▶ _Assignment_: Which lines run from the line with "RARE Los Angeles" through the line with "Loctite Universal super" in the entries below? Print them exactly, both ends included, and nothing more.

▶ _Dataset_:
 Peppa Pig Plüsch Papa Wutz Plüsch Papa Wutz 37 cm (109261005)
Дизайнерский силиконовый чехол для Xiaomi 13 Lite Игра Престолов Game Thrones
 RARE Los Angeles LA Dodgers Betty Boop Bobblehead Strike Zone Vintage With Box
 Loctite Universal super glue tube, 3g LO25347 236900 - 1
--
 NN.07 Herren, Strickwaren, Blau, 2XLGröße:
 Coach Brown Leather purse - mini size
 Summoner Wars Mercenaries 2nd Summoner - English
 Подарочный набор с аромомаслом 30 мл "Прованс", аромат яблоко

▶ _Your solution_:
 RARE Los Angeles LA Dodgers Betty Boop Bobblehead Strike Zone Vintage With Box
 Loctite Universal super glue tube, 3g LO25347 236900 - 1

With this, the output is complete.